Earlier last week, on the heels of the ECB’s “hint” that it would start easing again (or even more), an additional $714 billion of bonds achieved negative yields, sending the global total to a new record. It may be hard to believe, but around the world (mostly in Europe and Japan), roughly $12.5 trillion of debt has a negative yield and the total appears to grow every day.
Source: Bloomberg as of June 19, 2019
An investor cannot invest directly in an index and index performance does not reflect the deduction of any fees, expenses or taxes.
Against the backdrop of a slowing European economy, for the first time ever this week French and Swedish 10-year bonds joined German Bunds in the “below zero” club as investors sought safety from potential future defaults. As we have learned, even the bonds of some well-known European companies like LVMH and Sanofi have negative yields.

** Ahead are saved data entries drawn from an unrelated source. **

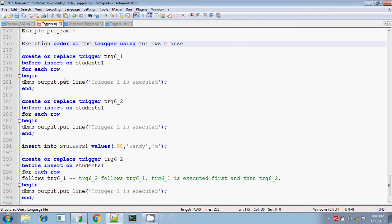Hi, this is Tether. Today I am going to explain you about the row level triggers using the FOLLOWS clause.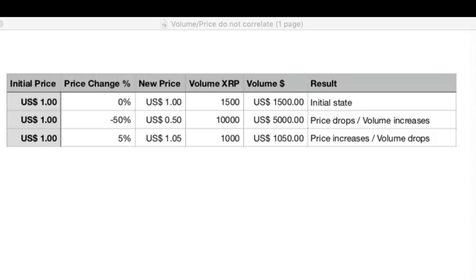Price is basically the result of demand and supply. The higher the demand for something, or the less the supply, the higher the price will be. And that's exactly where the use case of XRP comes into place.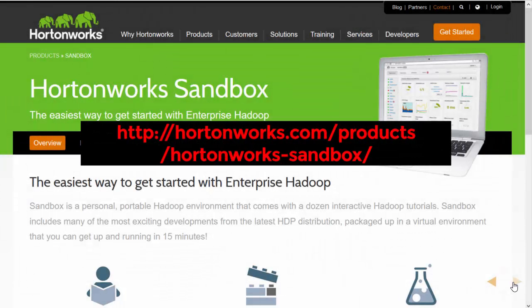To follow along with my videos, you'll need to download Hortonworks Sandbox. You can get it at the URL on the screen. Hortonworks Sandbox is a single-node Hadoop cluster which runs as a virtual machine on your computer, and it's free. Instructions on how to download the Hortonworks Sandbox are on their website.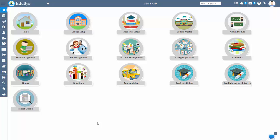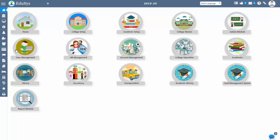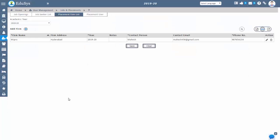Hello everyone, welcome to Educer. Here I am going to explain you about the placement management software. Educer provides you placement management software mostly for the colleges, universities and academies.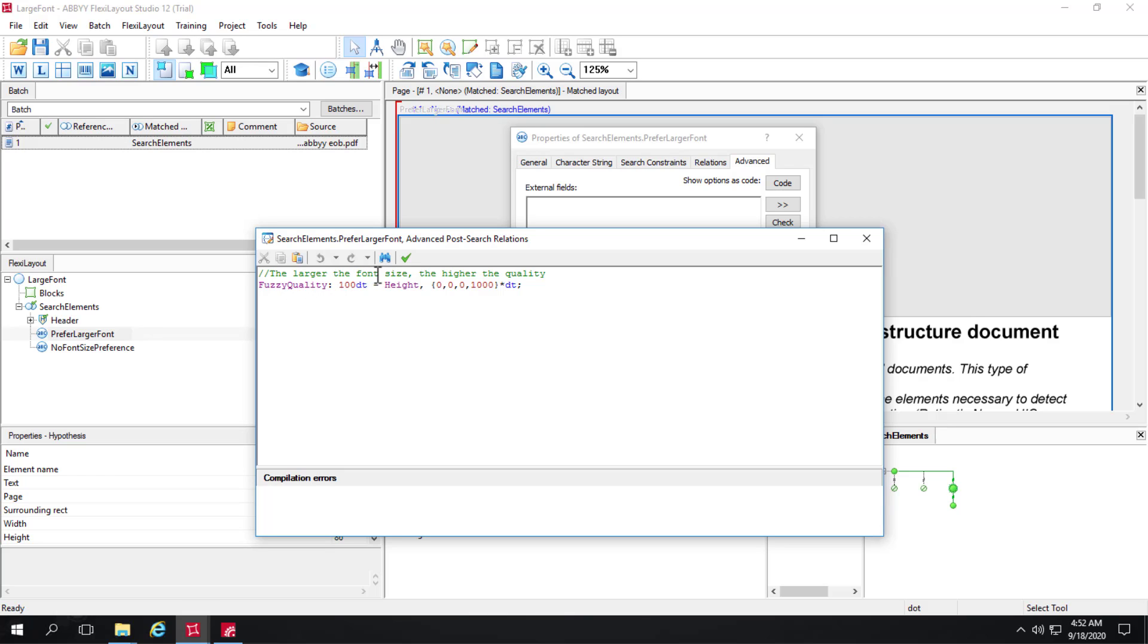Here we've got a simple line of code saying that essentially the larger the font size the higher the quality. You can't achieve this result using the GUI, here's where you need to use FlexiLayout Language.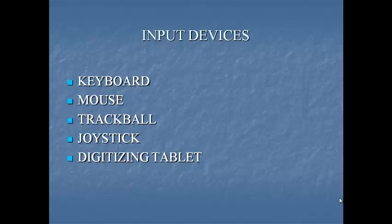Next one is trackball. A trackball is a cursor control device. It is an upside down mouse that has a ball on top. The ball is rotated by hand to move the cursor to the desired place on the screen. The trackball is used in place of a mouse where the work area is limited. In laptops, trackball is usually built in the keyboard.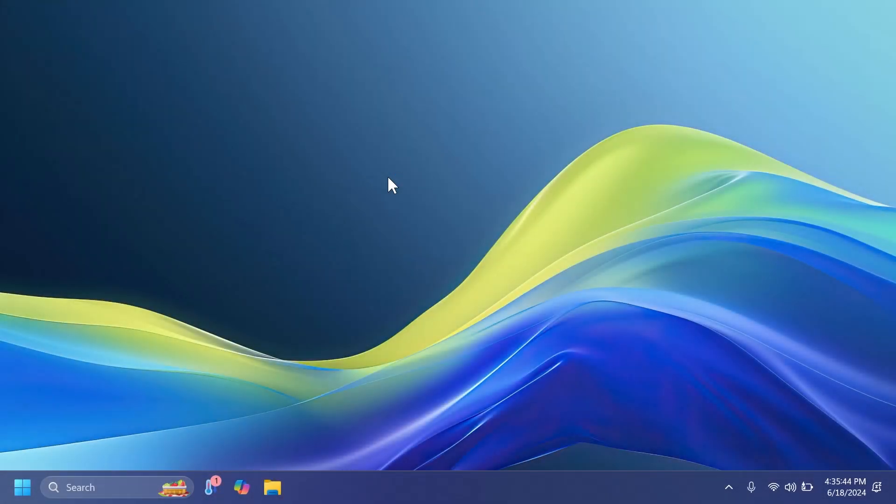Hi guys and welcome to TechBased. In this video, we're going to talk about some new taskbar customization options that are coming to Windows 11 24H2 in the near future. Maybe in the next few builds, we can expect these new additions.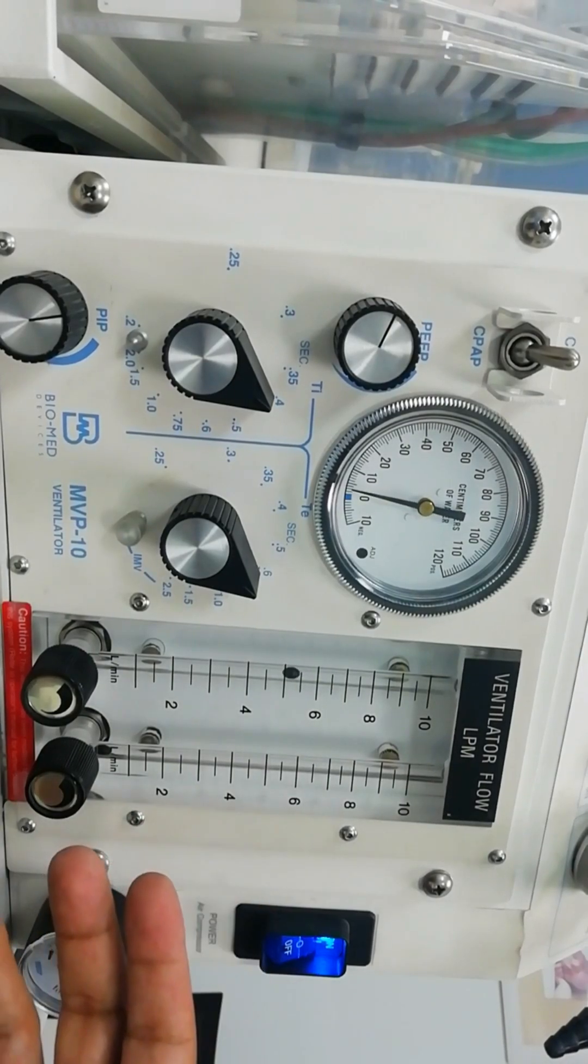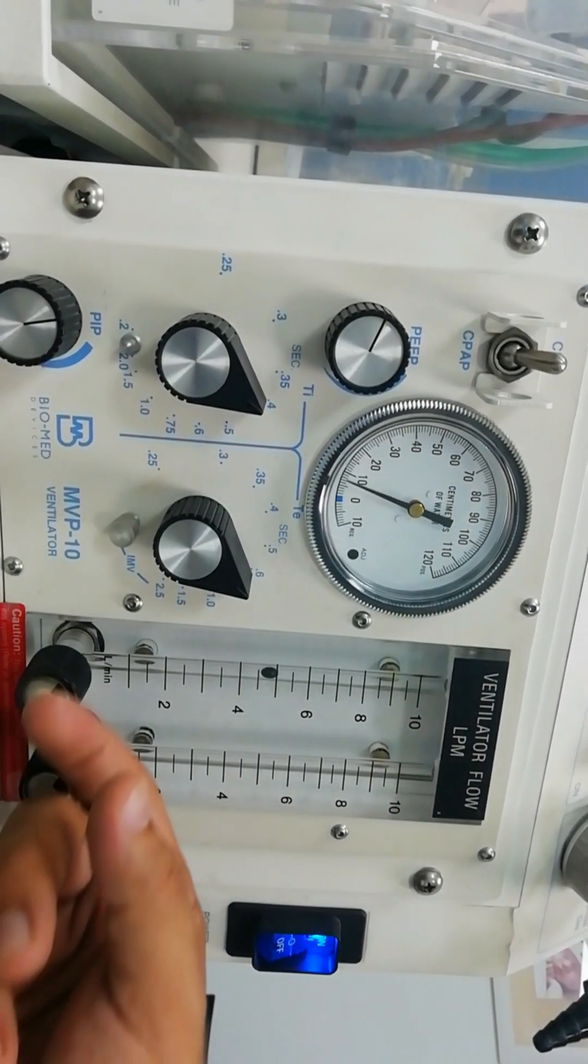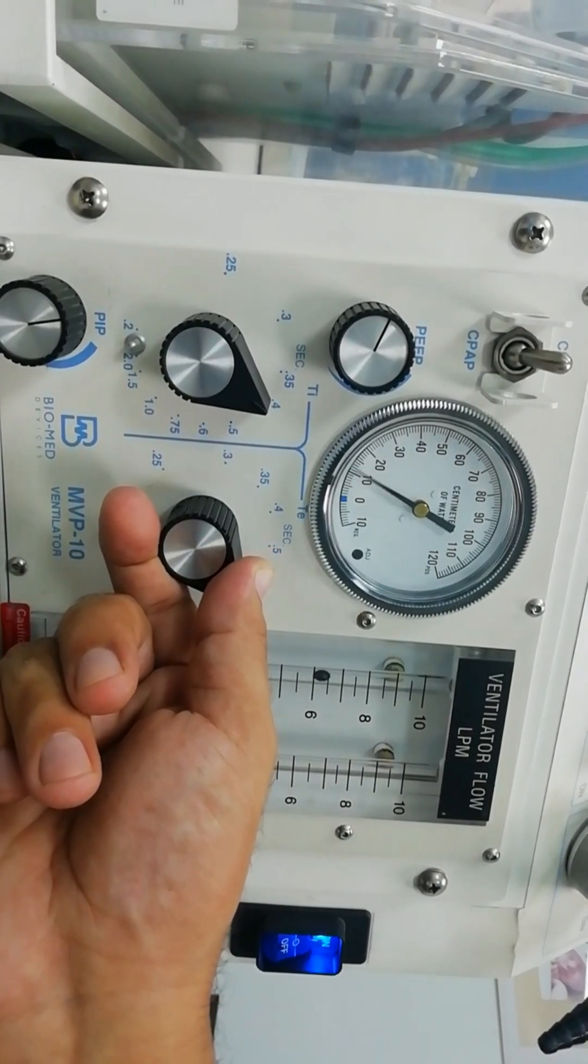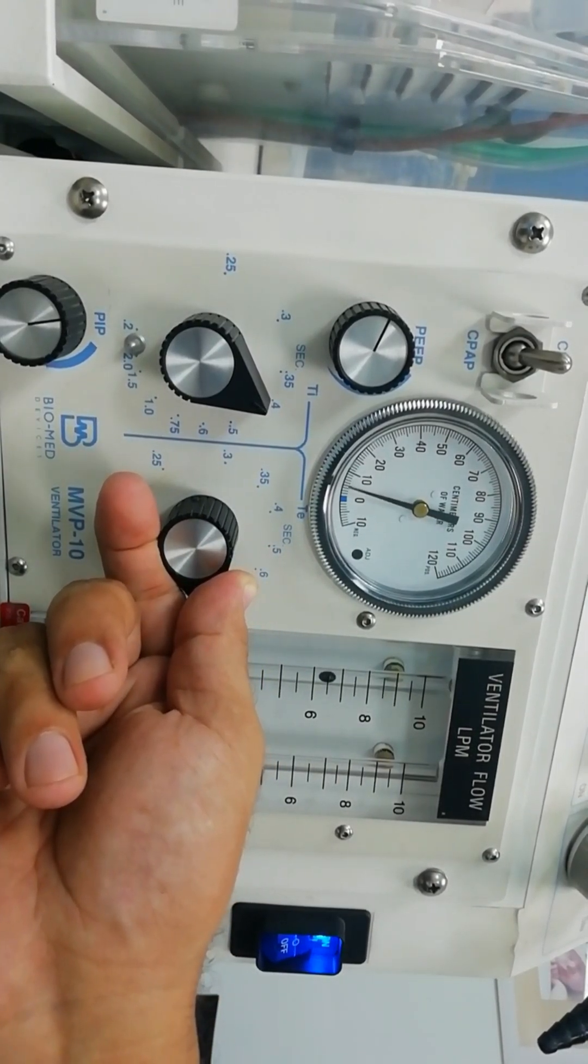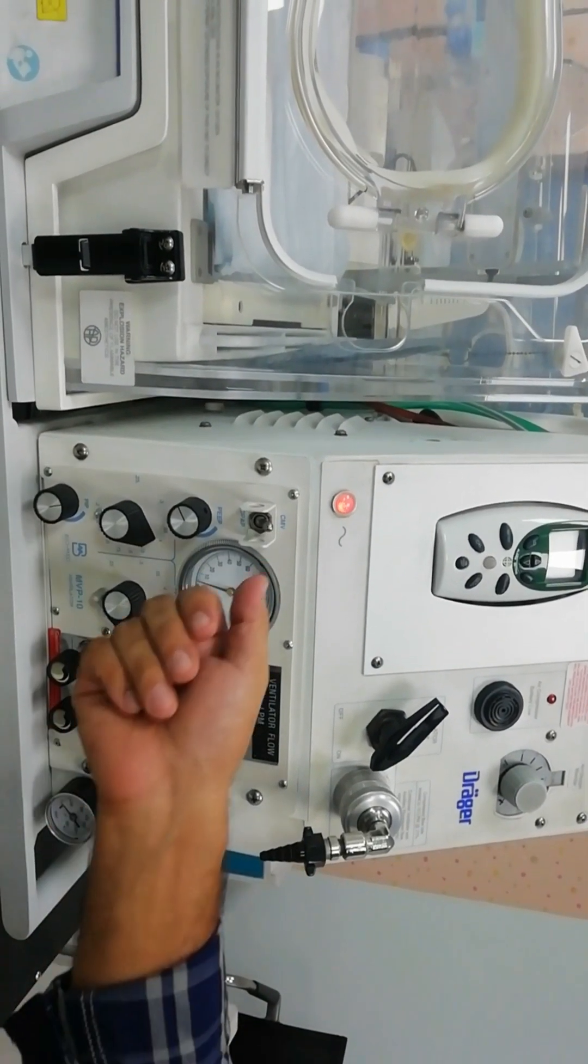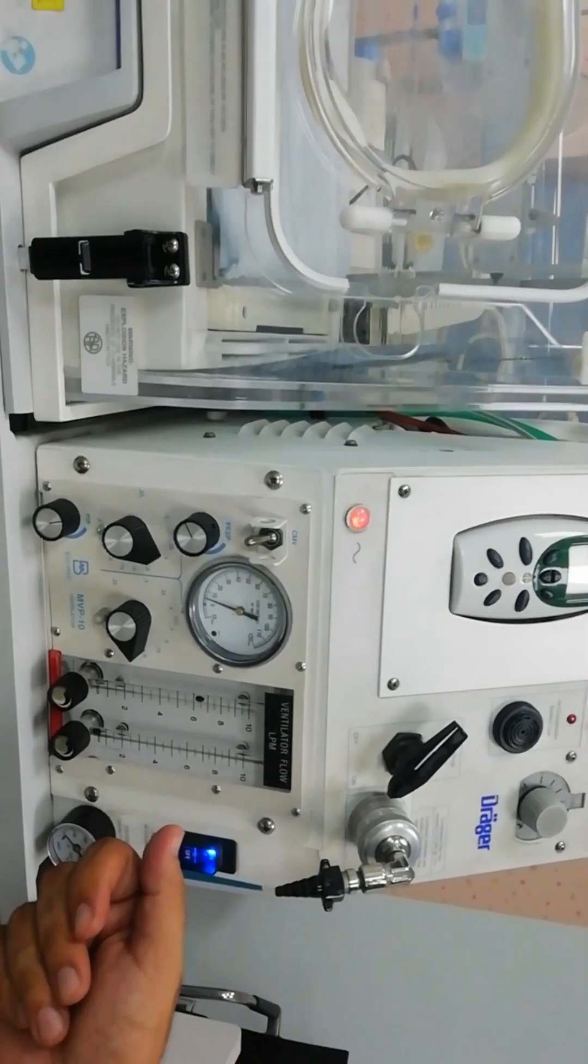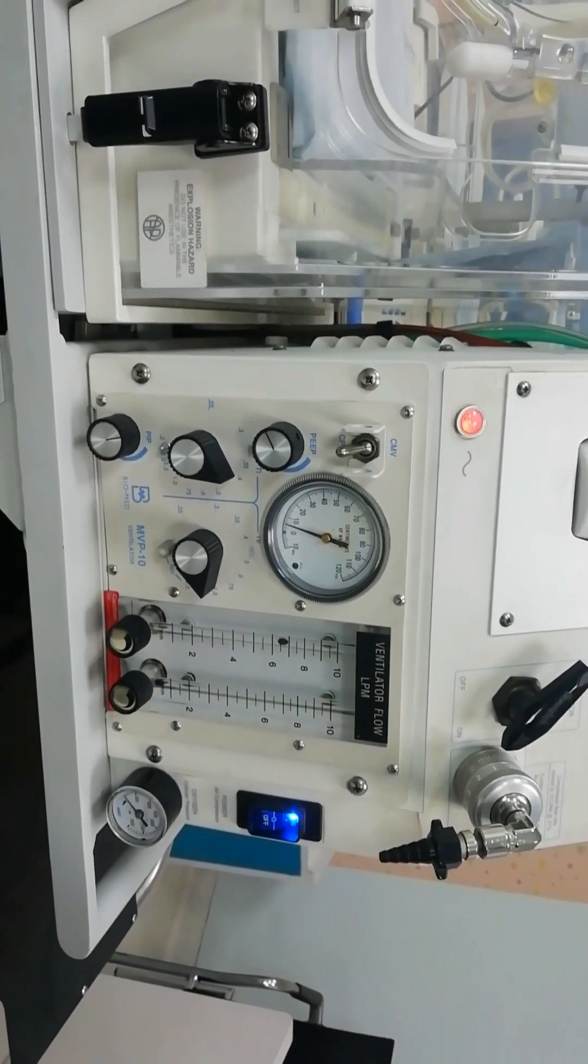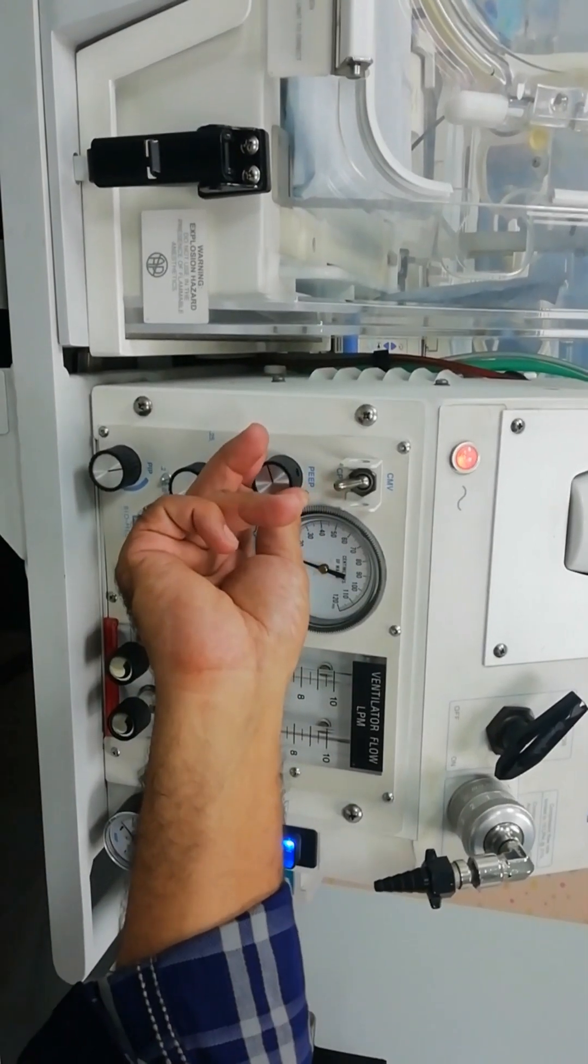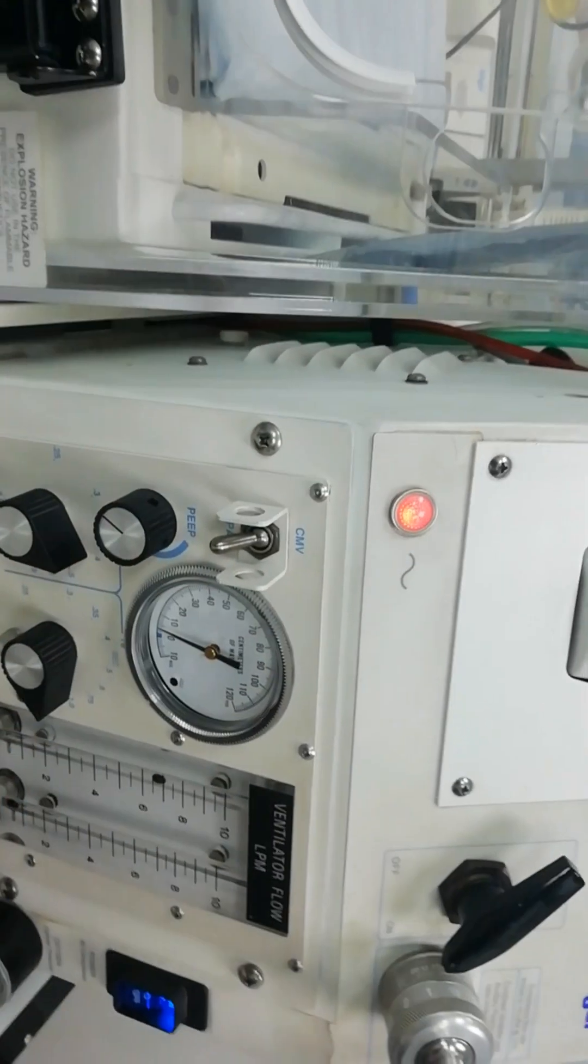To decrease the respiratory rate you can increase the expiratory time to the desired. For the CPAP mode we're going to switch down the button and you can see that there is no peak inspiratory pressure given. Only we have a PEEP so we can increase it or decrease it according to our needs.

What? Could it be that there are investors willing to pay for someone else to take their money? Yep. We believe an unintended, yet not totally unexpected outcome of continued monetary policy stimulus and a lack of adequate fiscal policy response worldwide. Recently, in our opinion, global trade wars, Brexit and political turmoil across the globe have exacerbated this already perverse reality – typically, negative rates should not persist in a global economy that is still expanding.
We think distorted rates around the world makes managing monetary policy in the US even more difficult for the Fed. Generally, as capital flows into higher yielding US bonds based upon relative value, US yields are dragged lower, leaving the Fed no choice but to acquiesce to the bond market’s message and cut rates despite a generally positive and stable economic backdrop. If yields are this low when economic conditions are favorable (albeit decelerating) what happens when we face the inevitable recession? We believe it could get very ugly as central banks around the world struggle to stave off cataclysmic outcomes with increasingly feckless monetary tools. We think this is a major reason gold has rallied in recent weeks – up over 6% in June alone. In our view, gold remains one of the few assets that won’t be debased by ill-conceived monetary schemes and has the potential to continue to rally as long as these conditions persist.